Choose two variables from the Codebook: one numerical, one binary. In this section you will investigate the relationship between these two variables.

TASK 2.1.1–What are the two variables? Your answer should include a brief description and be more than simply the variable name.

Pose a research question

TASK 2.1.2–What would be a reasonable research question to ask about this parameter? Your answer should make sense practically.

TASK 2.1.3–Write the null and alternative hypotheses in terms of the population parameter. In this case, I want you to perform a hypothesis test. Later, I’ll also have you build the CI.

Perform EDA

Remember, a good EDA should attempt to answer the research questions and also identify any issues that might impact eventual inference.

TASK 2.1.4–Generate a relevant plot for your research question.

TASK 2.1.5–Calculate the summary statistics that are most relevant to your test.

TASK 2.1.6–Write a few sentences summarizing what you learned from your EDA

Answer the question using inference

To answer your research question, you’ll need to test the hypotheses you defined earlier.

TASK 2.1.7–What is the name of the statistical test you will perform?

TASK 2.1.8–Did your EDA indicate any problems with performing this test? That is, are the conditions for inference met?

TASK 2.1.9–Use R to generate the test statistic and p-value.

TASK 2.1.10–Make a conclusion about the null and alternative hypotheses, being sure to answer your research question in context.

TASK 2.1.11–Now use R to calculate a 95% confidence interval for the parameter of interest, and provide an interpretation in context. First, you must ask yourself, “What is the parameter of interest?”

C. Relationship between two variables 2: Binary/Binary

Choose two binary variables from the Codebook. In this section you will investigate the relationship between these two variables.

TASK 2.2.1–What are the two variables?
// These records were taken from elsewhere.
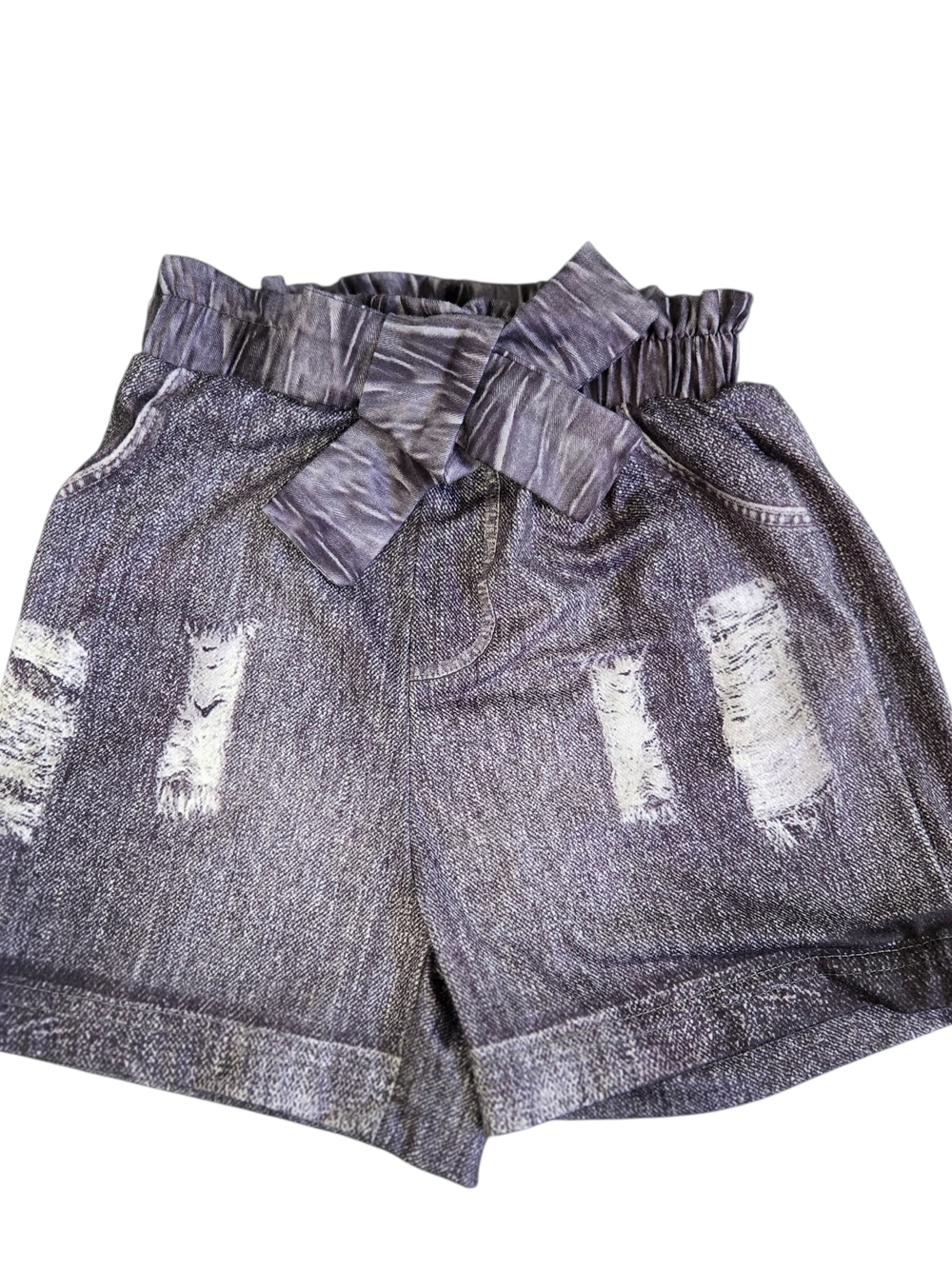 Bundle Of 2 Toddler Girls' Paperbag Waist Distressed Shorts in Gray Pink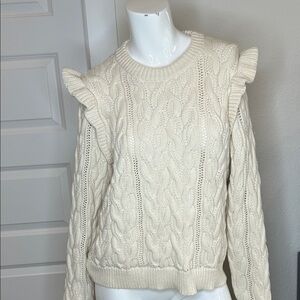 FRAME Women’s Cream Cable Knit Sweater size L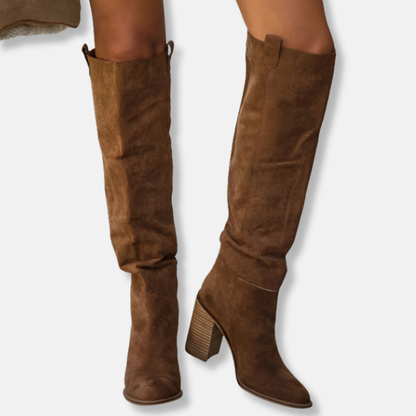 Stilvolle Stiefel Damen - Wildlederoptik - Chunky Absatz - Spitzes Zehenende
Your answer should include a brief description and be more than simply the variable name.

Pose a research question

TASK 2.2.2–What would be a reasonable research question to ask about this parameter? Your answer should make sense practically.

TASK 2.2.3–Write the null and alternative hypotheses in terms of the population parameter. In this case, I want you to perform a hypothesis test. Later, I’ll also have you build the CI.

Perform EDA

Remember, a good EDA should attempt to answer the research questions and also identify any issues that might impact eventual inference.

TASK 2.2.4–Generate a relevant plot for your research question.

TASK 2.2.5–Calculate the summary statistics that are most relevant to your hypothesis test.

TASK 2.2.6–Write a few sentences summarizing what you learned from your EDA

Answer the question using inference

To answer your research question, you’ll need to test the hypotheses you defined earlier.

TASK 2.2.7–What is the name of the statistical test will you perform to test the hypotheses?

TASK 2.2.8–Did your EDA indicate any problems with performing this test? That is, are the conditions for inference met?

TASK 2.2.9–Use R to generate the test statistic and p-value.

TASK 2.2.10–Make a conclusion about the null and alternative hypotheses, being sure to answer your research question in context.

TASK 2.2.11–Now use R to calculate a 95% confidence interval for the parameter of interest, and provide an interpretation in context. First, you must ask yourself, “What is the parameter of interest?”